> _DATASET CONTENT_:

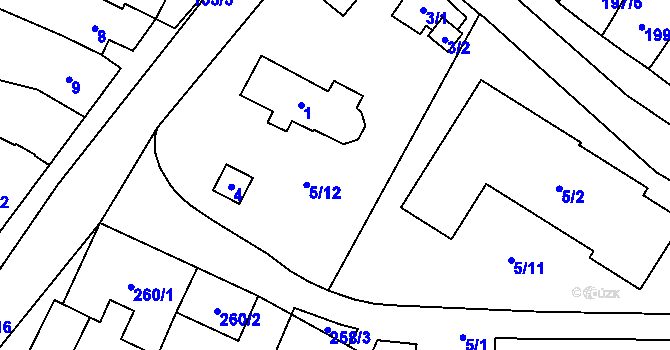 Parcela st. 5/1 v KÚ Chvalovice, Katastrální mapa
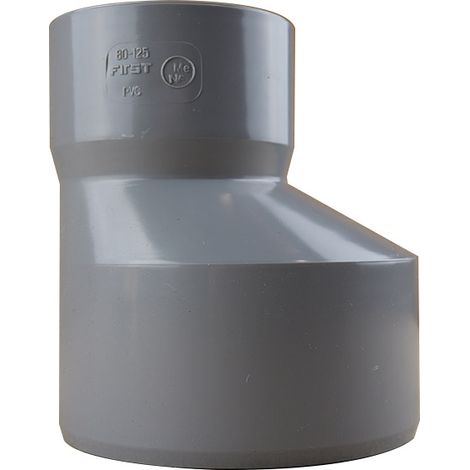 First Plast – Réduction PVC excentrée Mâle Femelle 125/80 – Raccord pour évacuation eaux usées – Taux d'expansion 800% sous chaleur – NF conforme (1/4)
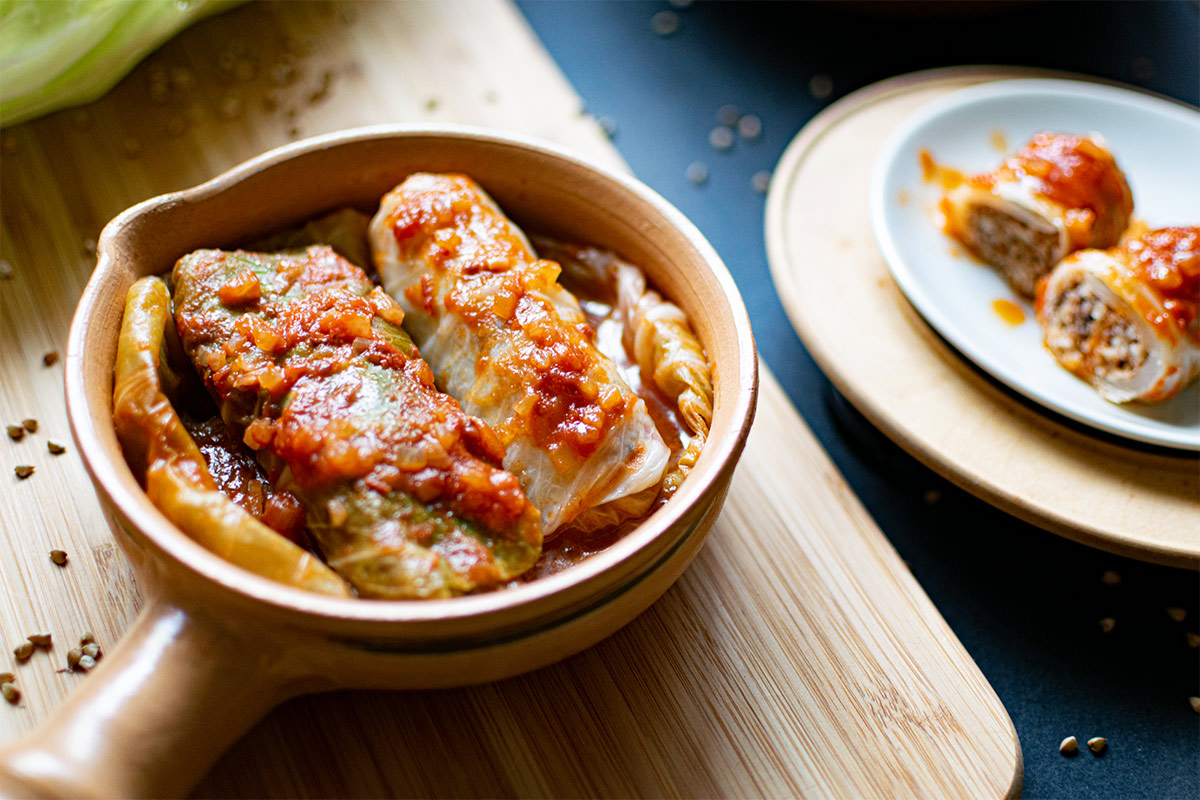 Ukrainian cabbage rolls holubtsi in a bowl and on a plate | Girl Meets Food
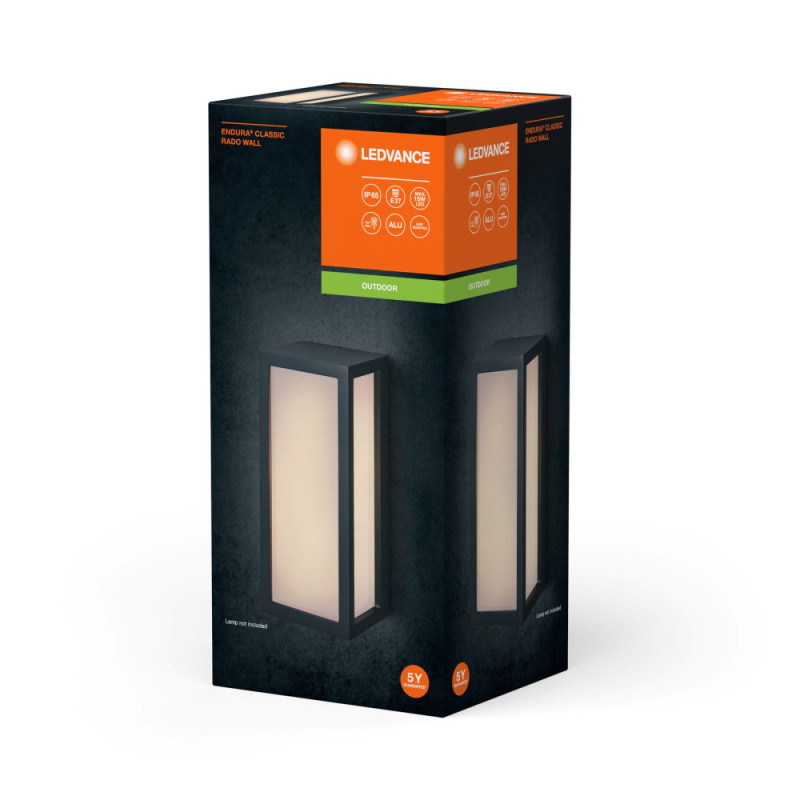 LEDVANCE E27 facade lamp IP65 ENDURA CLASSIC RADIO WALL black (4099854182907)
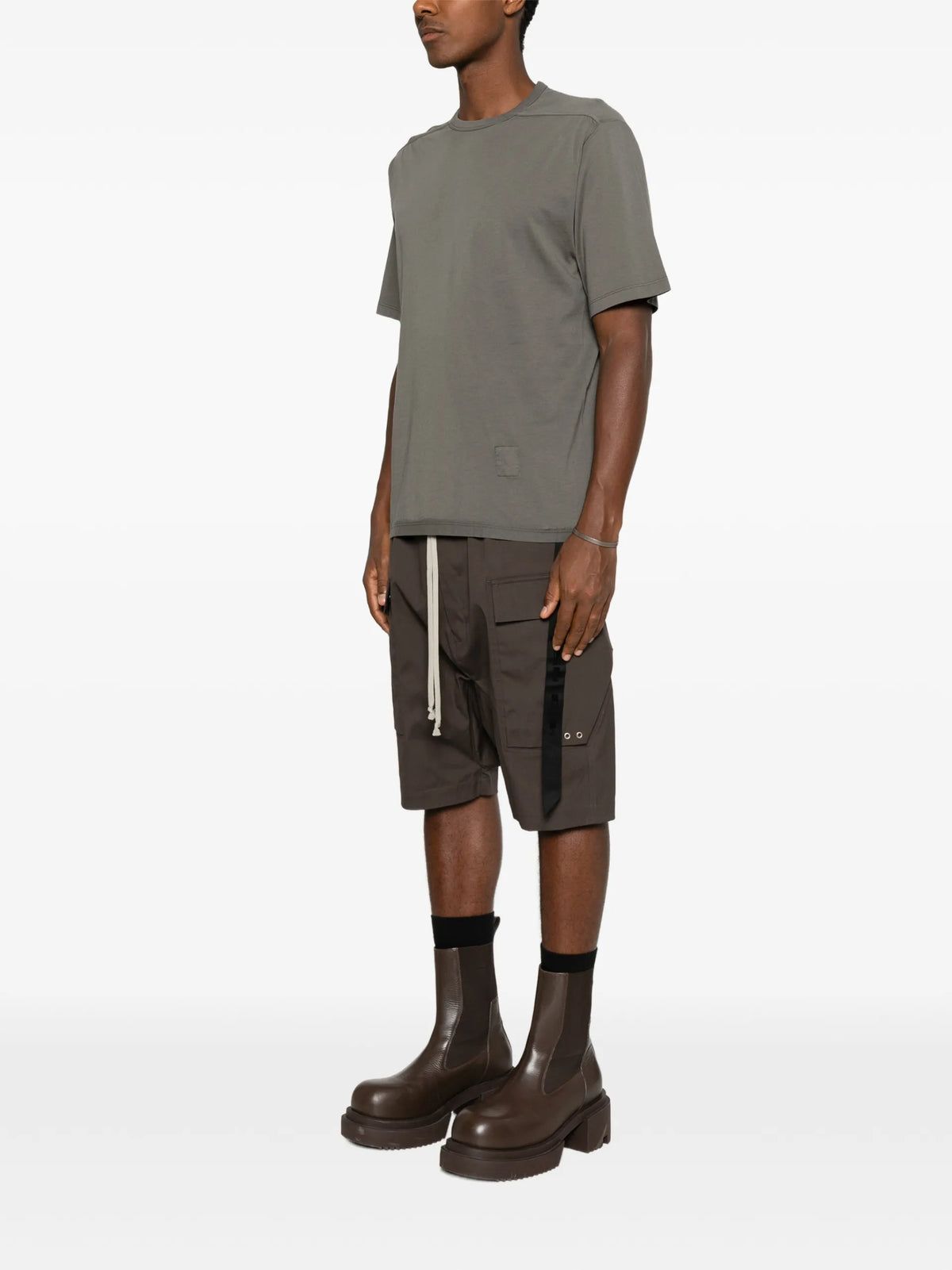 Rick Owens DRKSHDW Tower Brad T-shirt in medium weight cotton jersey coloris Grey - vue 3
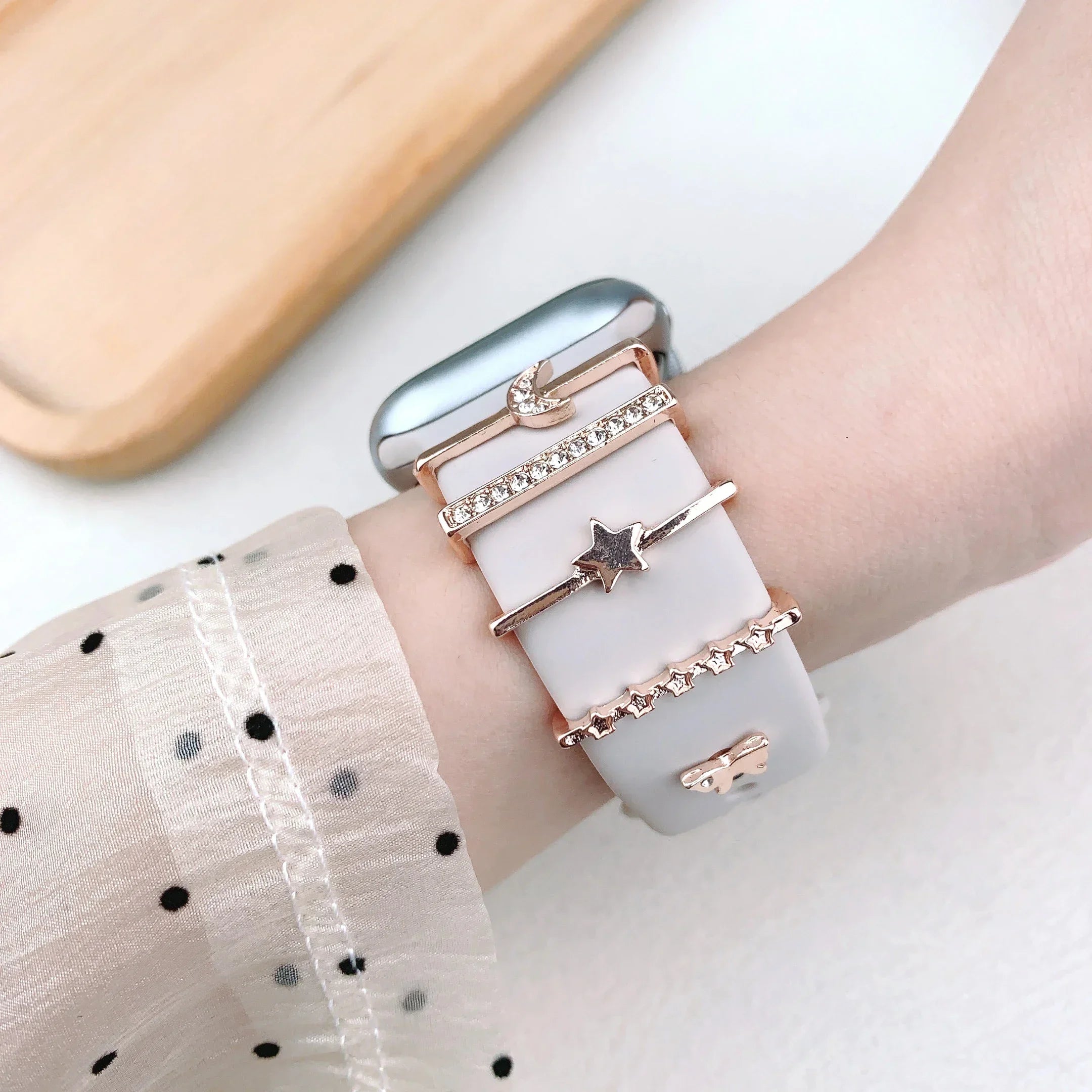 Decoration For Apple Watch Ultra 2 band 10 9 8 7 Diamond Jewelry Charms Accessories samsung Huawei watch band 20 22mm band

> _AIM OF THE EXERCISE_: A word-for-word copy of the material is required; pictures stay out of it.

> _TASK ANSWER_:
 Parcela st. 5/1 v KÚ Chvalovice, Katastrální mapa
 First Plast – Réduction PVC excentrée Mâle Femelle 125/80 – Raccord pour évacuation eaux usées – Taux d'expansion 800% sous chaleur – NF conforme (1/4)
 Ukrainian cabbage rolls holubtsi in a bowl and on a plate | Girl Meets Food
 LEDVANCE E27 facade lamp IP65 ENDURA CLASSIC RADIO WALL black (4099854182907)
 Rick Owens DRKSHDW Tower Brad T-shirt in medium weight cotton jersey coloris Grey - vue 3
 Decoration For Apple Watch Ultra 2 band 10 9 8 7 Diamond Jewelry Charms Accessories samsung Huawei watch band 20 22mm band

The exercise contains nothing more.